• **Task directions**:
Exact transcription of the data below is required, without the images.

• **Available data**:
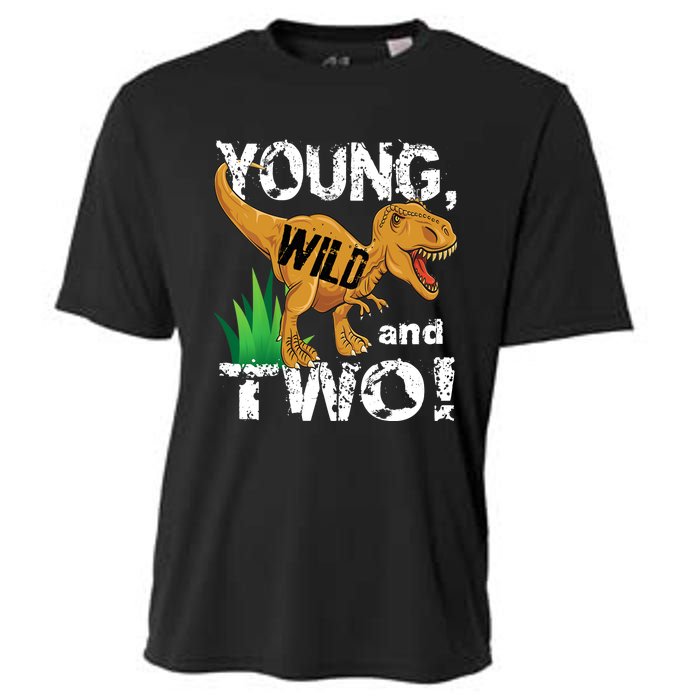 Young, Wild and Two 2 year old dinosaur birthday shirt boy Cooling Performance Crew T-Shirt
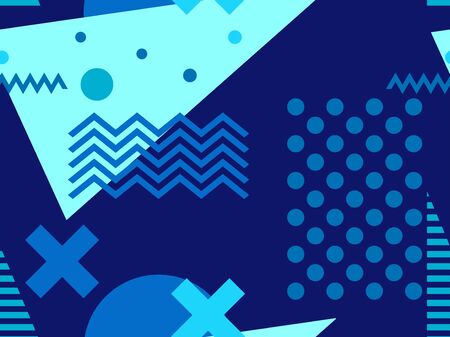 Geometric seamless pattern in 80s memphis style. Shades of turquoise color. Background for brochures, promotional material and wallpaper. Vector illustrationのイラスト素材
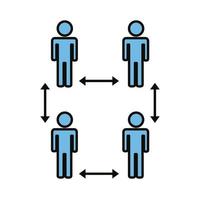 group of humans with social distance vector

• **Solution**:
 Young, Wild and Two 2 year old dinosaur birthday shirt boy Cooling Performance Crew T-Shirt
 Geometric seamless pattern in 80s memphis style. Shades of turquoise color. Background for brochures, promotional material and wallpaper. Vector illustrationのイラスト素材
 group of humans with social distance vector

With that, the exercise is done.